Carmel (US)
Length: ?? km / ?? miles
Catchment: ?? km2 / ?? miles2
The
Carmel is a lovely little river. It isn’t very long, but in
its course it has everything a river should have. It rises in the
mountains, and tumbles down a while, runs through shallows, is dammed
to make a lake, spills over the dam, crackles among round boulders,
wanders lazily under sycamore, spills into pools where trout live,
drops in against banks where crayfish live. In the winter it
becomes a torrent, a mean little fierce river, and in the summer it is
a place for the children to wade in and for fishermen to wander
in. Frogs blink from its banks and the deep ferns grow beside
it.
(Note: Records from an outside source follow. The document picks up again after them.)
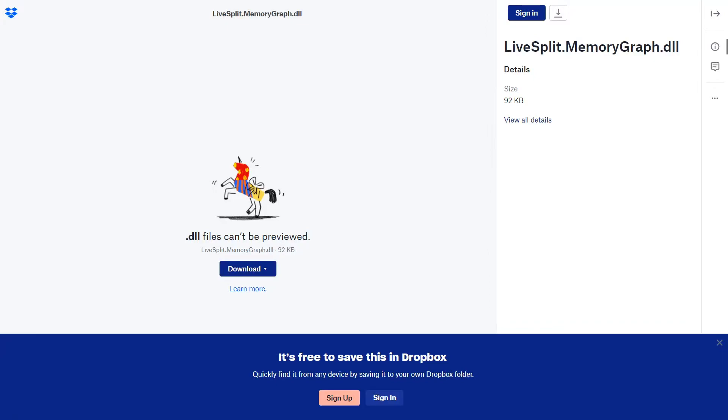Hey guys, this is an explanation on how to set up LiveSplit for Modern Warfare 2 Remastered.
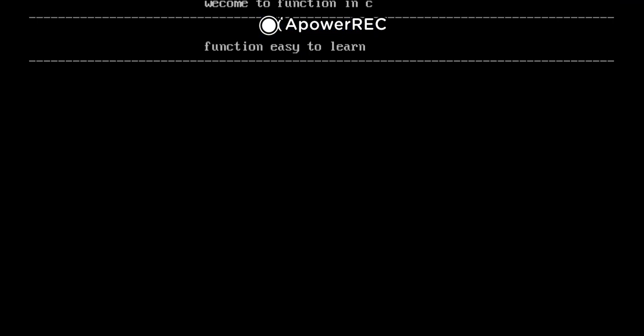Then underscore line, then function easy to learn, and finally the last calling of println function will be print the 80 time underscore line.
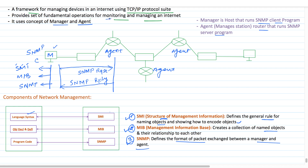This is called monitoring. In terms of managing, the manager can also make the router perform certain actions. For example, a router periodically checks the value of a reboot counter. When this counter reaches zero, the router reboots to update the information in its database. The manager can use this feature to remotely reboot the agent at any time by simply sending a packet to force the counter value to zero. This is called managing. These are examples of the kinds of operations the manager performs with the agent, and how the SNMP request is prepared using the three components.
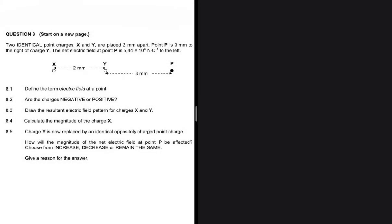The electric field at a point is the electrostatic force experienced per unit positive charge placed at that point. So the electric field is defined as E = F/q. That is where the definition is coming from.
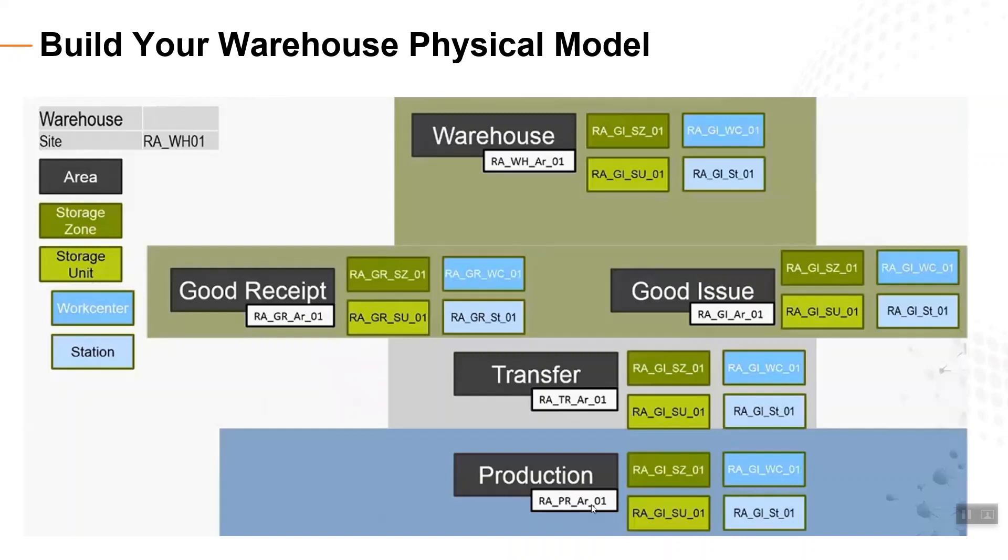In this example, each area is comprised of only one work center, station, storage zone, and storage unit. You would model this example in Factory Talk Warehouse like this.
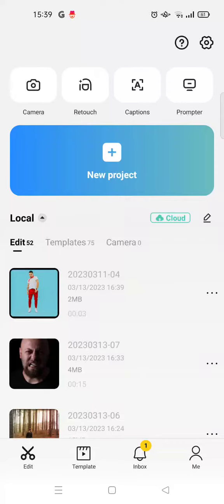Hey guys, back with me again in this channel. On today's tutorial, I'm going to show you how you can find the AI anime template on CapCut. You can actually find the AI anime template in CapCut or TikTok if you have one.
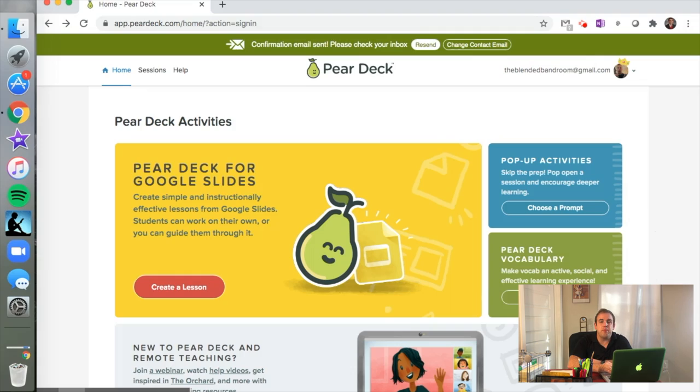Hey everybody, welcome back to the Blended Band Room. This week we're going to go over three great websites for incorporating literacy into your classroom instruction. But first, if you like videos that talk about how to incorporate technology into your music or band classroom, go ahead and hit that subscribe button down below for great content each and every week. We're going to go over Pear Deck, NewsELA, and Padlet and how to incorporate reading, writing, and discussion—the three forms of literacy—into your music or band classroom.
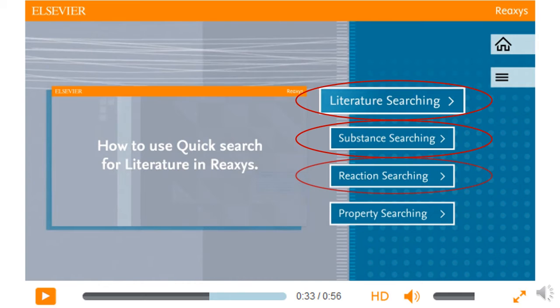The reaction searching video shows you how to find reactions using a text search, by named reaction, or by drawing a reaction. This type of searching may not be as relevant for certain courses such as PhysChem.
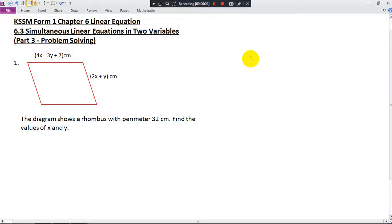In this video, I will still be talking about the simultaneous linear equation, but this time it's not that direct — no equations are given to you. You have to form the equation yourself. Let's look at the first one.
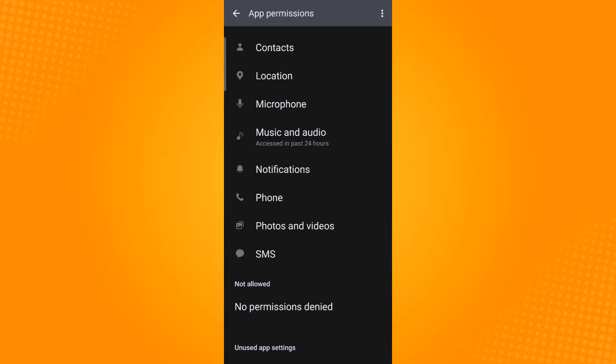Now go back to your messenger application and see if the issue has been resolved. And those are some ways on how to fix could not send message in messenger group chat. Thank you and have a great day.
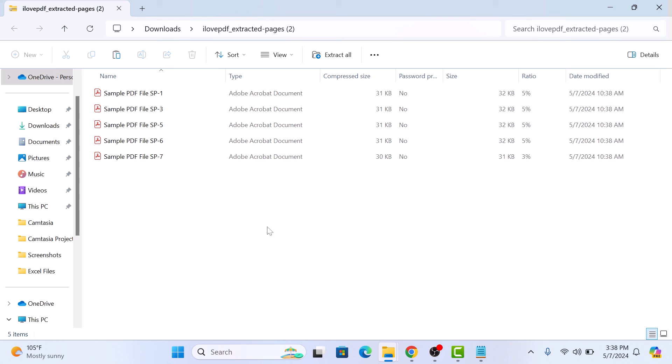So as you can see, five different PDF files are now extracted from single PDF file. So that's how to split PDF pages into separate files. Thanks for watching.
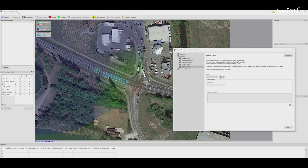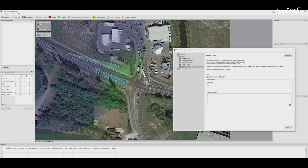Defining ignore zones is optional. Ignore zones indicate areas that should not be considered in the tracking algorithm and improve the tracking performance. Consider ignore zones the same way as event zones. Additional nodes can be added by double-clicking on the outlines.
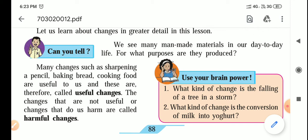Cooking food is a useful change. The changes that are not useful or that do us harm are called harmful changes. Cutting of a tree is a harmful change — it increases the erosion of soil and decreases oxygen levels in the environment, so it is bad for the environment. Polluted rivers or polluted water is also a harmful change.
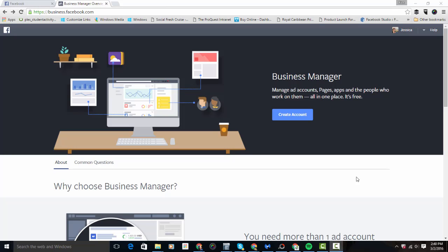If you're using Facebook for business purposes — whether you have a Facebook business page or you're running Facebook ads — and whether it's just you or you have a team, Facebook's preference is that you use Business Manager. You get to Business Manager by going to business.facebook.com.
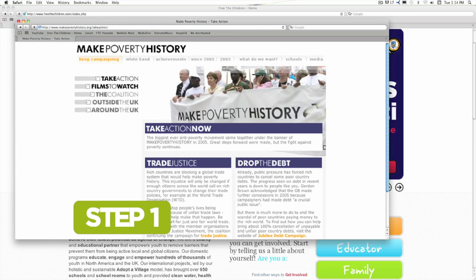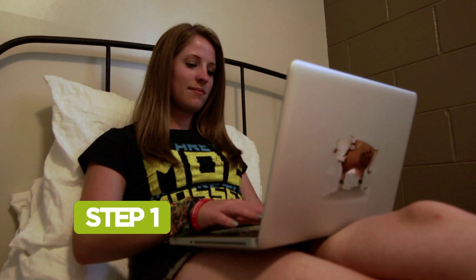Step 1: Head online to find stories, stats, and information about the issue you want to learn more about. Make sure to target reputable websites — ones made by experts, organizations, or governments.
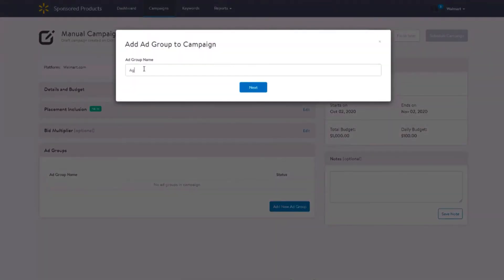A few things to call out. Each campaign must have at least one ad group. Each ad group can have a maximum of 2000 items. Your bidding strategy is determined at the keyword and match type level. You will be able to enable and disable an ad group after the campaign has gone live.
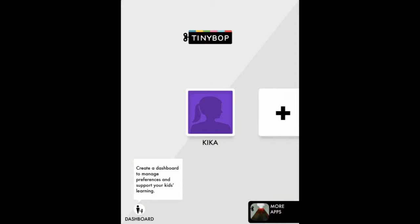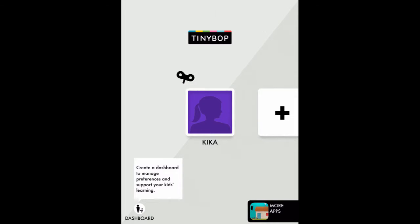Hello and welcome to the everything machine by Tinybop. Today we're going to make a secret message decoder. I've already made an account so I'm going to tap this big purple square and jump right in.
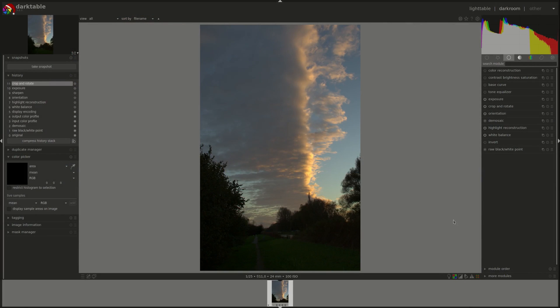Hello everyone and welcome to this episode of the Darktable from A to Z series. My name is Hal and today we'll be looking at the tone equalizer module.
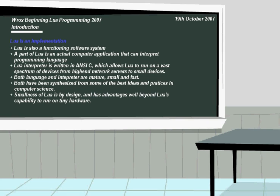The smallness of LUA is by design and has advantages well beyond LUA's capability to run on tiny hardware. These are just some of the pros, just trying to get you to understand what LUA is used for, what it could be used for. And maybe some of those points will help you realize what you wanted to do, and some of the points might just link you towards that direction.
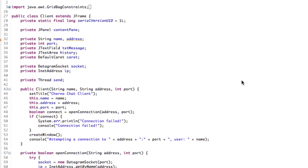Hey, what's up guys? My name is Echerno and welcome to episode 14 of Network Chat Programming. So today we're going to talk all about servers and how to actually make a server, how a server basically works and how we can make an interface for our server as well.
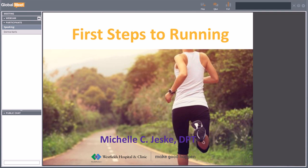This meeting is now being recorded. Welcome to the Lunch and Learn webinar. We're going to talk with Michelle Jeske, a physical therapist from Westfield Hospital and Clinic, who will share with us first steps to running. We are recording the webinar, and if you have to get off early, I will send you the link later during the week. If you have a question for Michelle, there is a Q&A tab at the top of your screen where you can type in your questions. Michelle will address those at the end of her presentation.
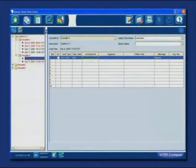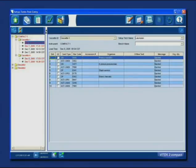To complete data for a single test card, highlight the slot, click on a blank field, and enter data. Complete all fields for that slot.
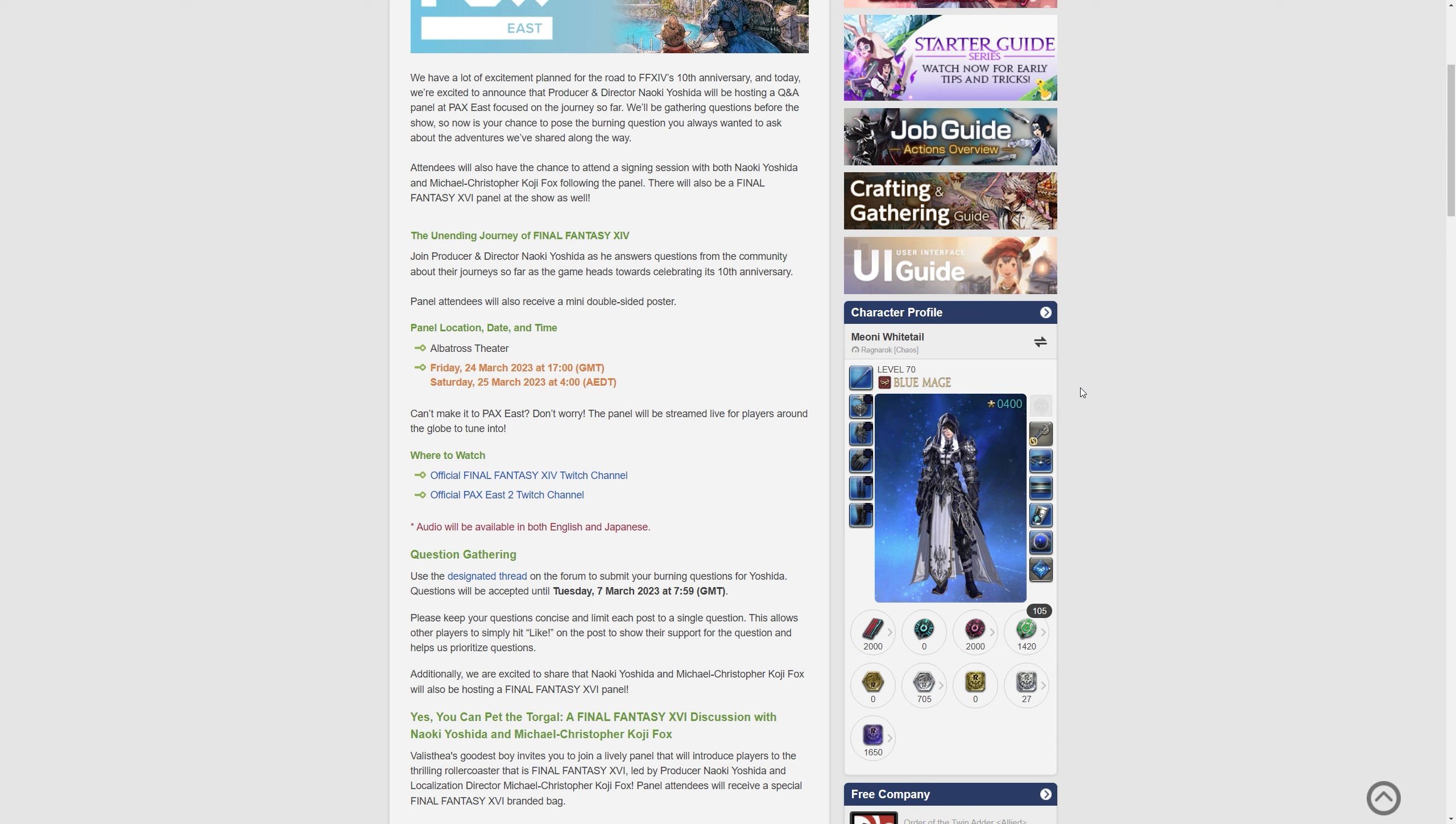There's links in this, so I'll link this whole post in the description of this video, and audio is going to be available in both English and Japanese, which means they're going to have live translation there, which is awesome.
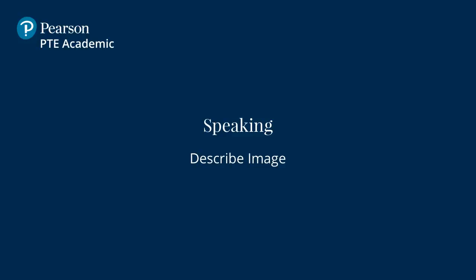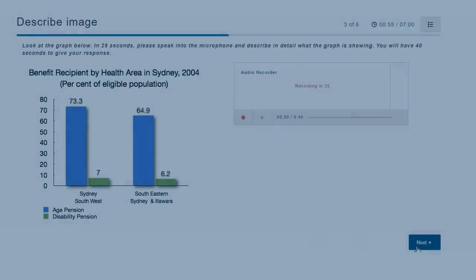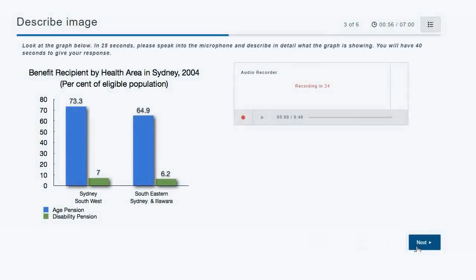Describe image. For this item type, you need to describe an image.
Deer and foxes come to drink from it secretly in the morning
and evening, and now and then a mountain lion, crouched flat, laps its
water. The farms of the rich little valley back up the river and
take its water for the orchards and the vegetables. The quail
call beside it and the wild doves come whistling in at dusk.
Racoons pace its edges looking for frogs. It’s everything a
river should be.
A few miles up the valley the river cuts in under a cliff from which
vines and ferns hang down. At the base of this cliff there is a
pool, green and deep, and on the other side of the pool there is a
little sandy place where it is good to sit and cook your dinner.